You can then ask, if we can work really hard once but then answer the question efficiently (i.e. in less than the actual running time) for all inputs for a machine $M$. More formally, we can ask whether for every machine $M$, there exists a natural constant $k$ such that given $M$ and any inputs $x_1, ..., x_k$ we can tell whether $M$ halts on each of them in under $t$ steps and do so efficiently, i.e. in under $k \cdot t$ steps? The answer to that is, similarly, no. Proof: take the universal TM as $M$ and see that if we could answer the question efficiently we'd get a contradiction with bounded halting.
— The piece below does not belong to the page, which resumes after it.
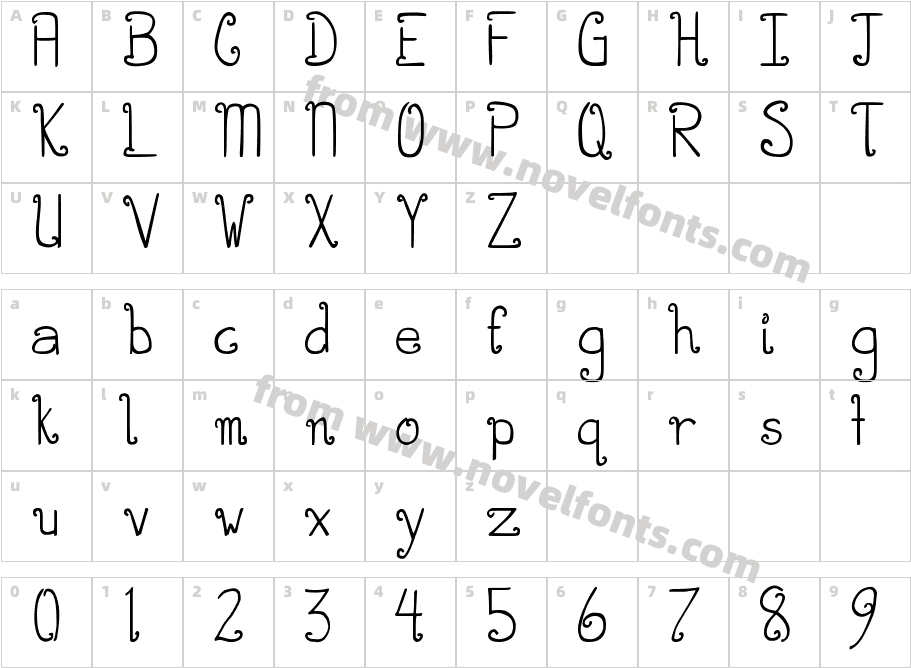 DJB CURLIE WURLIECharacter Map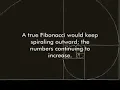 Lateralus by Tool Fibonacci Sequence Explained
Interestingly, these two proofs don't require true diagonalization, i.e. they don't require that we can really simulate the UTM, only that we're able to simulate it for up to $t$ steps, so this result is rigorous even for so called "total functional" languages, that can't interpret themselves. A little more thought would show what this result truly means: we cannot answer any question (a la Rice's theorem) about a TM (even a total one) in less time the the number of states it has (or the number of states we're interested in). We can say that the complexity for answering a non-trivial question about a TM (even a total one) is $\Omega(|S|)$, where $S$ is the set of states. This result happens to be so rigorous that it applies to virtually all computation models, even DFAs (with some exceptions, I think, for PDA). For an overview of results in the finite-state case, see this survey paper by Schnoebelen.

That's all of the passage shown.